The Trump Administration abandoned “standardized” plans in 2019. However, with the election of President Biden – and with the addition of many former Obama Administration officials in leadership roles at the Department of Health and Human Services (HHS) – we expect that the Biden HHS will re-visit the idea of “standardized” plans, and even take the idea a step further (by making “standardized” plans a requirement, instead of a voluntary choice).
California currently requires “standardized” plans to be made available through its State-Based Exchange (Covered California). In particular, Covered California plans must have prescribed deductibles and co-pays for certain covered benefits (e.g., dollar caps on things like prescription drugs and physician visits and other outpatient services). ACA supporters suggest that one of the reasons California’s Exchange market remains stable is because consumers are offered simplified plans, which in turn, increases take-up.
Several other State-Based Exchanges also require some form of a “standardized” plan. For example, Oregon requires silver plans sold to Oregonians through HealthCare.gov to have a $3,650 individual deductible and $40 primary care office visit co–pay. New York requires its carriers to offer at least one “standardized” plan at each metal level. Washington, DC’s DC Health Link requires a carrier to offer a “standardized” plan for a metal level at which the carrier is offering plans, and Connecticut’s Access Health CT requires carriers to offer at least one “standardized” gold plan, at least one “standardized” silver plan (which must be the lowest-cost silver plan the carrier offers), and at least two “standardized” bronze plans, one of which must be HSA-compatible.
With the Biden Administration’s interest in adding a “public option” to the ACA Exchange markets, requiring carriers to offer “standardized” plans could get the Administration one step closer to this policy goal. More specifically, the “public option” contemplates a plan that covers a prescribed set of benefits and services at prescribed deductible and co-pay levels. As discussed, this is essentially how a “standardized” plan is structured.

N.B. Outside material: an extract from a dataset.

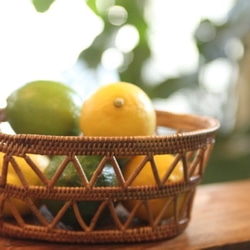 非常適合把阿塔製成橘子的籃子冬季阿拉木圖製作醒目的A10（手工編織籃，Mikankago，球童，水果籃） 第11張的照片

Standardized plans and public option are by no means a panacea. Some states, notably Colorado and Washington State are pursuing a ‘public option’ on their own. Colorado is seeking a waiver from the ACA for its version of the public option plans, while Washington’s experiment with a public option, Cascade Care plans, has seen mixed results with premiums for Cascade plans higher than expected and receiving only a few exchange enrollments.